São as comunidades periféricas que estão sofrendo com as operações belicistas: escolas e postos de saúde fechados, ônibus sem circulação e pessoas impedidas de irem ao trabalho. Enquanto aqueles que lucram com o tráfico seguem numa boa, nos condomínios de luxo, sem a polícia metendo os pés em suas portas, sem balas atingindo seus filhos.
É preciso derrotar essa política, a mesma que há anos é aplicada no Rio de Janeiro, que não resolve o problema da violência, que é um problema social e não bélico. É preciso garantir emprego, educação de qualidade e perspectiva de vida para os jovens, que hoje são presas fácies do narcotráfico.
Saída
Combater a violência policial e o genocídio
Para combater a violência policial e o genocídio do povo negro, é preciso levantar um programa de raça e classe, independente da burguesia e seus governos.
Um programa que comece combatendo a violência policial e a impunidade como política de Estado. Por isso, começamos defendendo a punição a todos os 12 policiais envolvidos na Chacina do Cabula e a federalização do caso, pois a justiça da Bahia é uma das mais corruptas do Brasil, envolvidas em vendas de sentenças; e a demora no julgamento é um indício disso.
Defendemos um conjunto de medidas democráticas, a começar pela imediata implantação das câmeras de monitoramento em todos os policiais. Mas isso não é suficiente.
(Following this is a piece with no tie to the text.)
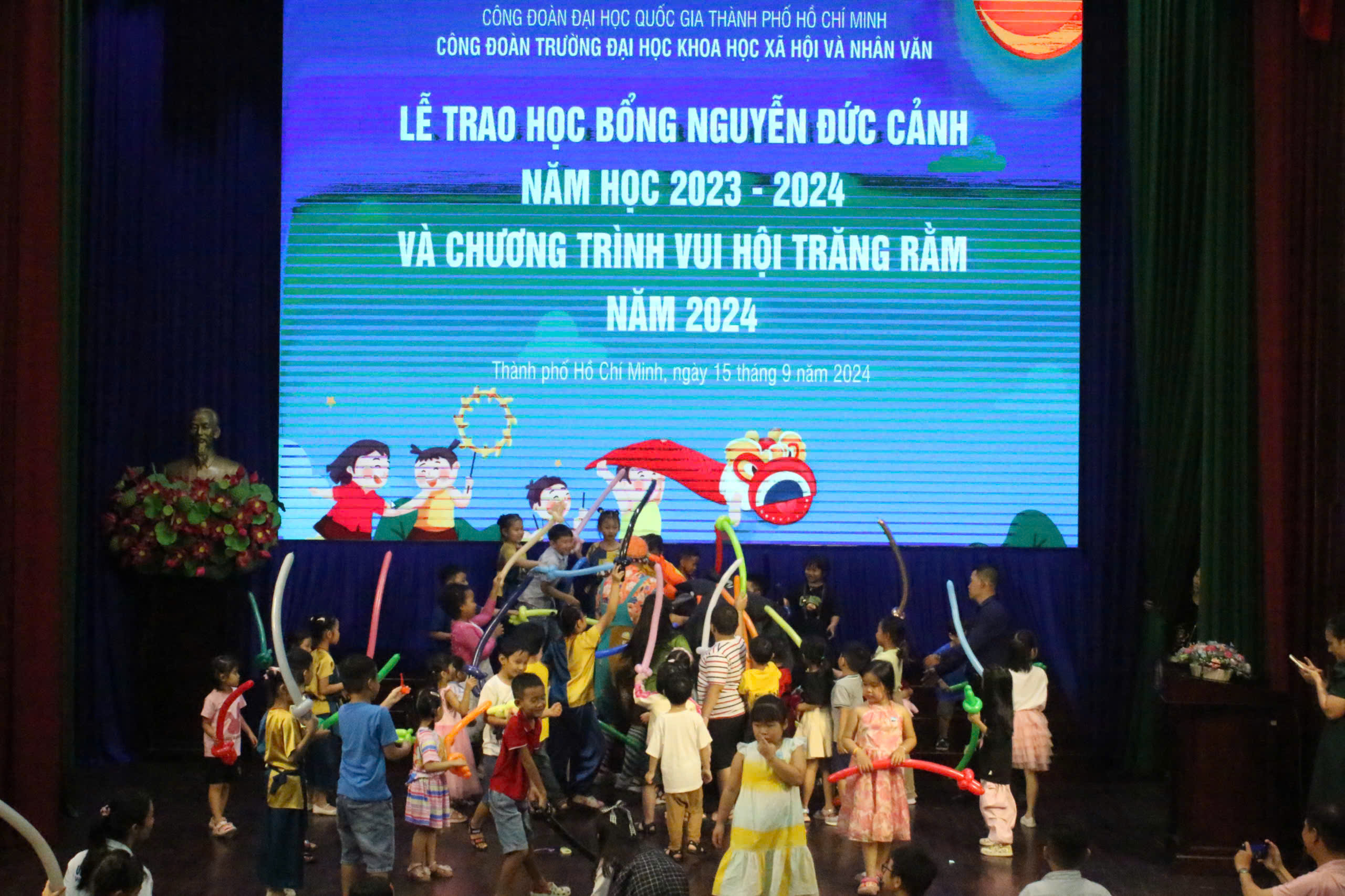 Lễ trao học bổng Nguyễn Đức Cảnh năm học 2023-2024 và chương trình “Vui hội trăng rằm” năm 2024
É preciso defender a desmilitarização das polícias e o fim da PM, com o controle social das polícias pelas organizações populares e a eleição de seus comandantes, garantindo o direito de sindicalização e greve aos policiais.
Junto a isso, é preciso pôr um fim à “guerra às drogas”, que, na verdade, é uma guerra aos pobres, que só serve ao extermínio da juventude pobre e negra e ao encarceramento em massa.
É necessário, também, revogar a Lei de Drogas, aprovada em 2006 pelo governo Lula, e descriminalizar as drogas, para combater o narcotráfico. Paralelo a isso, é preciso incentivar e organizar a autodefesa dos de baixo para responder à violência dos de cima.
Essa luta para ser vitoriosa precisa ser realizada de forma independente desse governo, hoje responsável pelo genocídio do povo preto, pobre e periférico. Uma luta que precisa partir dessas medidas democráticas, mas que avance para o enfrentamento com o Estado capitalista, que tem a violência como método de domínio da exploração dos capitalistas sobre a classe trabalhadora.
Nossa luta tem que ser combinada com a luta pela derrubada desse Estado e pela construção de uma outra sociedade, uma sociedade igualitária, sem exploradores e explorados: uma sociedade socialista!